◆ What the task requires
Only one stretch of the data below is needed: the line with "DRASTAR Wooden Keepsake" through the last line. Output it exactly and drop the pictures.

◆ Source material
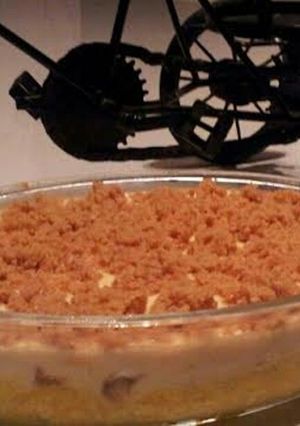 A picture of Mango cheese cake.
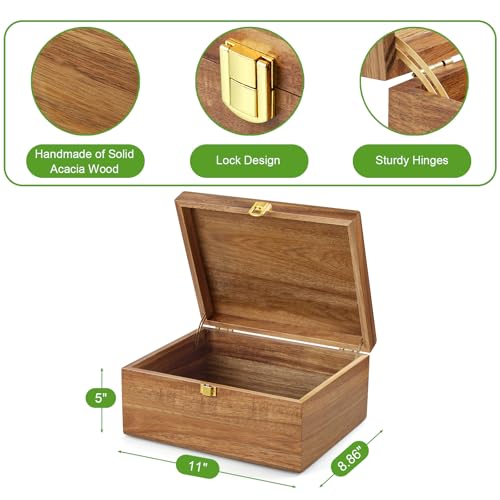 DRASTAR Wooden Keepsake Box, Large Acacia storage box with a Hinged Lid, Memory treasure box for Crafts and Photo Storage - Image 3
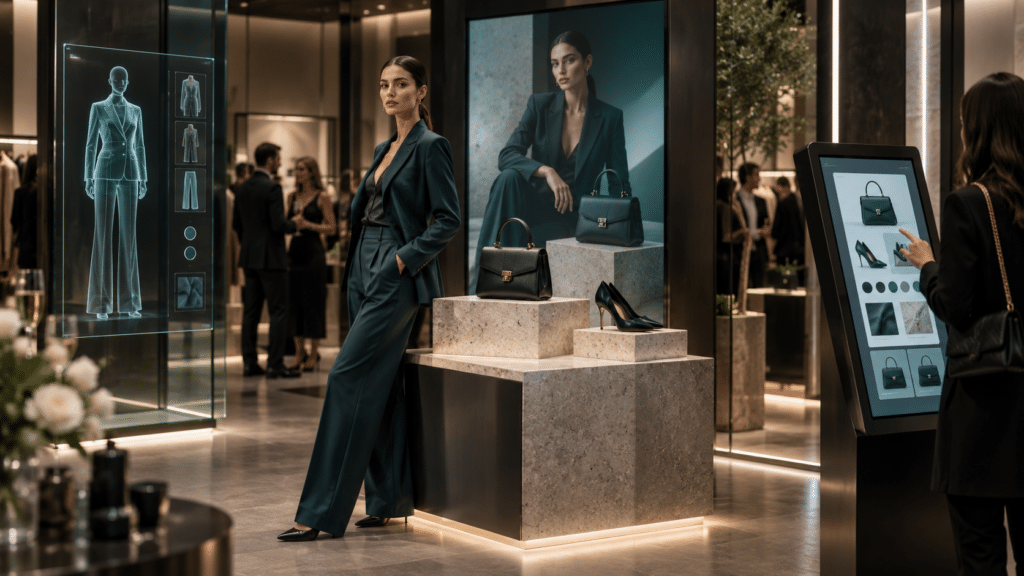 Evento fashion in una boutique con modella, borse e calzature esposte, campagna digitale e totem interattivo per esplorare varianti e materiali dei prodotti.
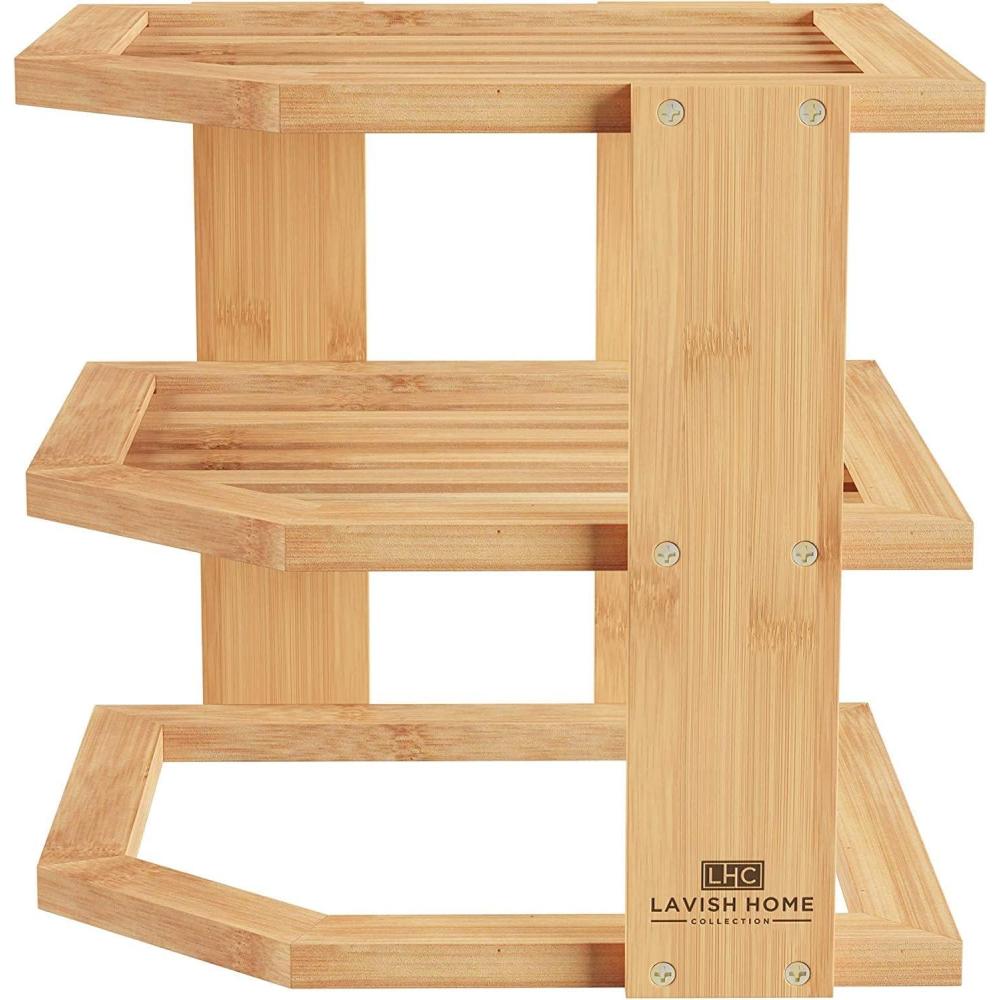 imageLavish Home 3Tier Bamboo Corner Shelf for Kitchen or Bathroom Compact Corner Shelf Organizer for Cabinets and Countertops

◆ Written answer
 DRASTAR Wooden Keepsake Box, Large Acacia storage box with a Hinged Lid, Memory treasure box for Crafts and Photo Storage - Image 3
 Evento fashion in una boutique con modella, borse e calzature esposte, campagna digitale e totem interattivo per esplorare varianti e materiali dei prodotti.
 imageLavish Home 3Tier Bamboo Corner Shelf for Kitchen or Bathroom Compact Corner Shelf Organizer for Cabinets and Countertops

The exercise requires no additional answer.